------ AVAILABLE DATA
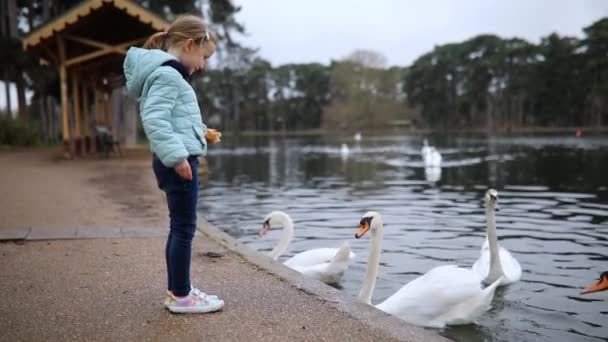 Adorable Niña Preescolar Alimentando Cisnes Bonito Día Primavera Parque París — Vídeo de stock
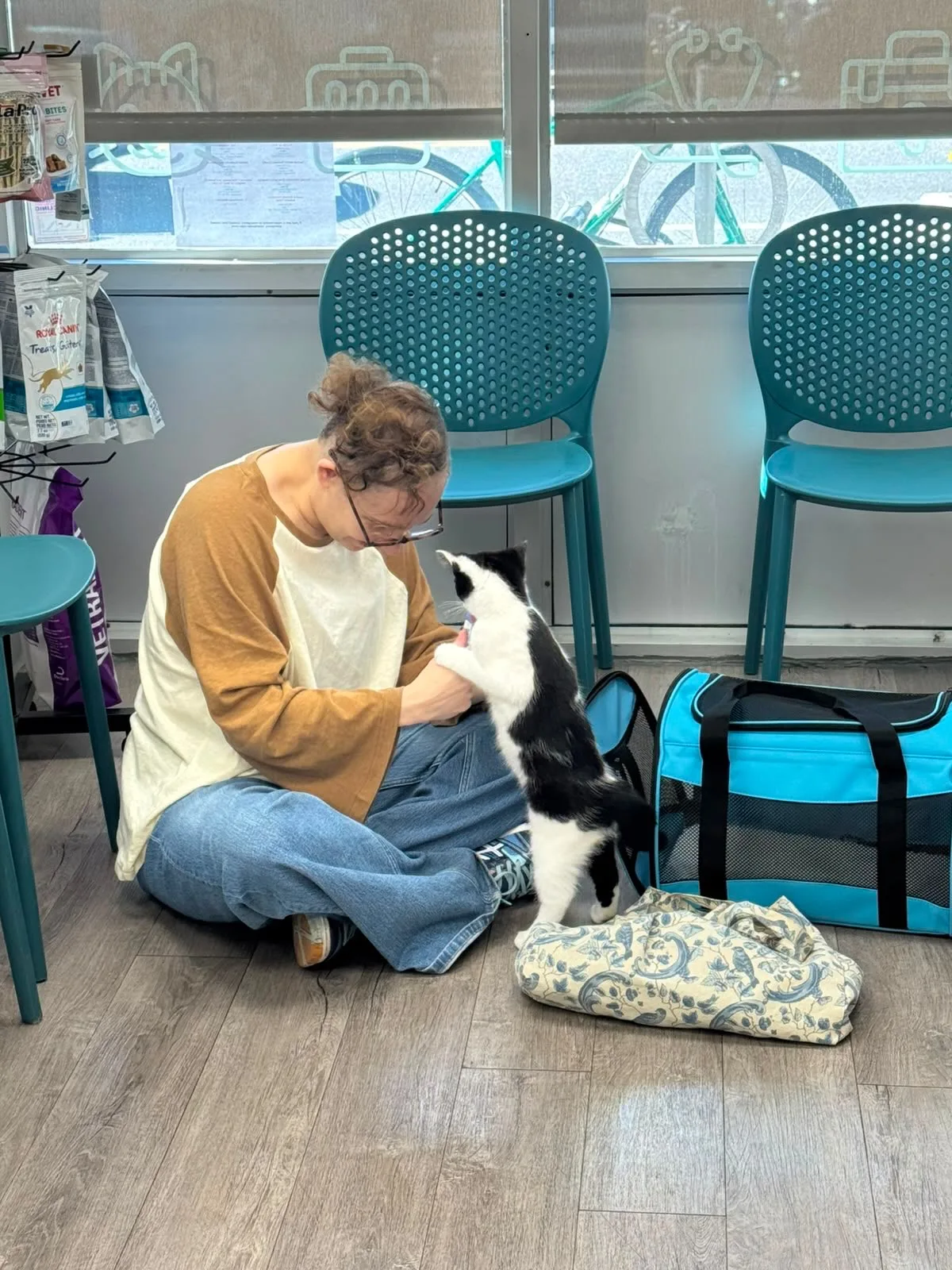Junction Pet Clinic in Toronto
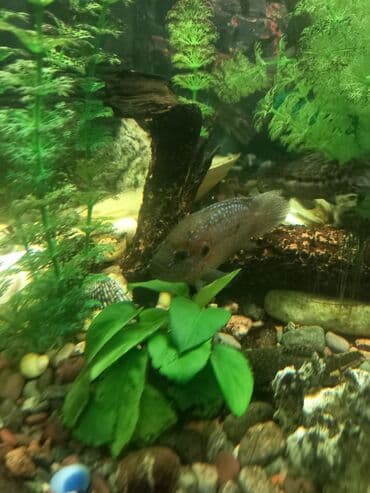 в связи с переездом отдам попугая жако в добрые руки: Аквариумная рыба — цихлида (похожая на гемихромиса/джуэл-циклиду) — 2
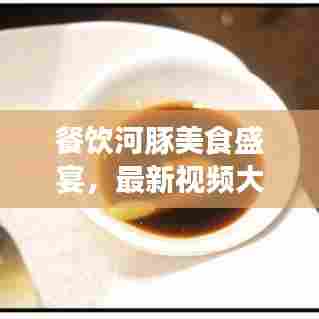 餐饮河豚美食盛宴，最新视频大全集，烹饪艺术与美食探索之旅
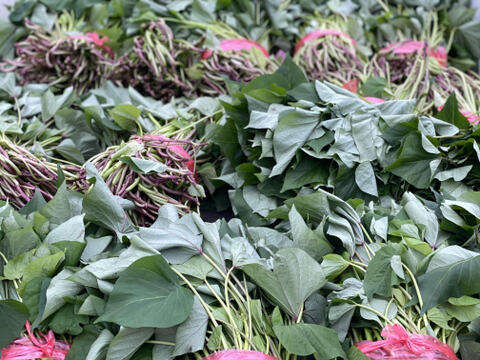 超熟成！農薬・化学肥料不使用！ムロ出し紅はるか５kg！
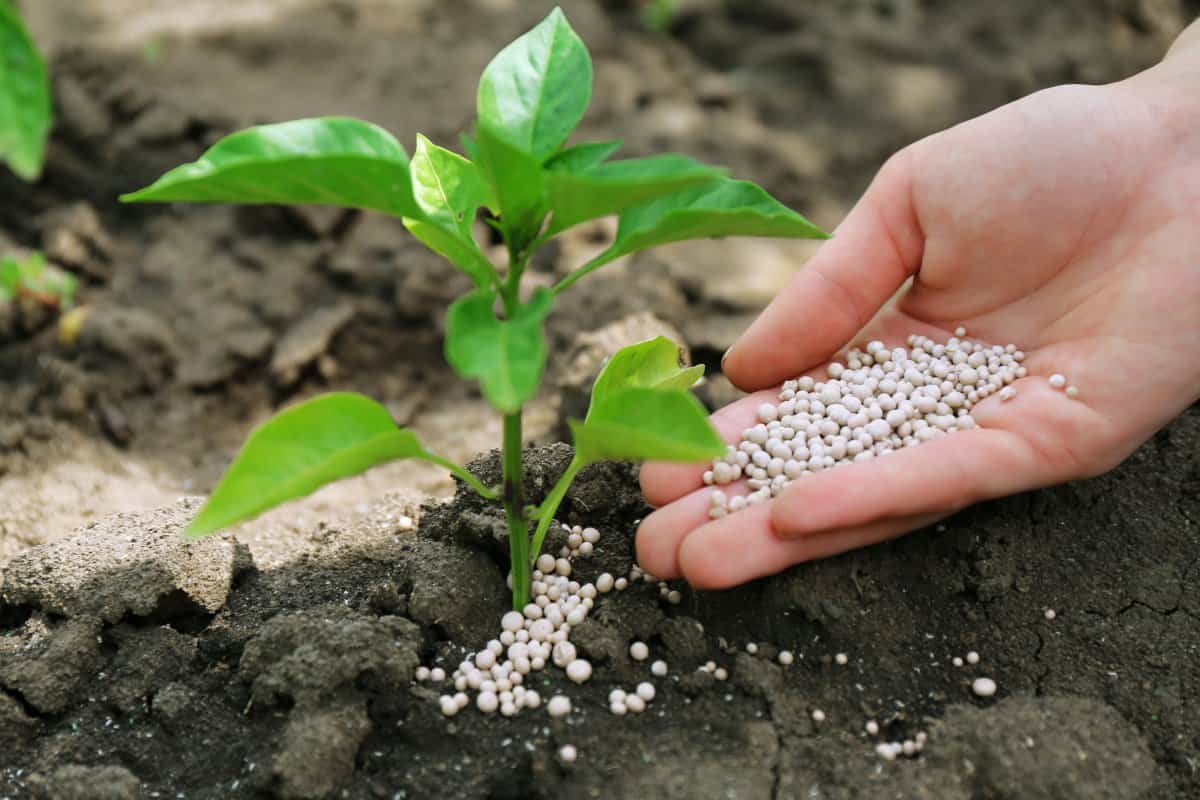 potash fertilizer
------------
_WHAT IS REQUIRED_
Produce an exact copy of the lines from the line containing "Junction Pet Clinic in Toronto" to the end of the material, both ends included, and omit every picture.

_ANSWER TO THE EXERCISE_
Junction Pet Clinic in Toronto
 в связи с переездом отдам попугая жако в добрые руки: Аквариумная рыба — цихлида (похожая на гемихромиса/джуэл-циклиду) — 2
 餐饮河豚美食盛宴，最新视频大全集，烹饪艺术与美食探索之旅
 超熟成！農薬・化学肥料不使用！ムロ出し紅はるか５kg！
 potash fertilizer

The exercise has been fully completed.